Material for this task:
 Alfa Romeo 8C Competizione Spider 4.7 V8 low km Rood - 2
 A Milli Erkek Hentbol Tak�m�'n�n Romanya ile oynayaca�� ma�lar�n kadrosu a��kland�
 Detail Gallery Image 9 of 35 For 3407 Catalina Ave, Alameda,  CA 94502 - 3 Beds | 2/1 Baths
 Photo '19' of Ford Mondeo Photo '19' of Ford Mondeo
--
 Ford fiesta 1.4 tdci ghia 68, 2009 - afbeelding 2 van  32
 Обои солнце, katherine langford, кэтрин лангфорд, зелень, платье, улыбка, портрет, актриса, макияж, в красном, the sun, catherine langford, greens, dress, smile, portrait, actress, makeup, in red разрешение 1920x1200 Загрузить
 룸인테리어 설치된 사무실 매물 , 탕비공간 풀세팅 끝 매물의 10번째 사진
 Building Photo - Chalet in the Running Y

Problem: Copy out each line of the records that holds the string "Photo".

Exercise result:
 Photo '19' of Ford Mondeo Photo '19' of Ford Mondeo
 Building Photo - Chalet in the Running Y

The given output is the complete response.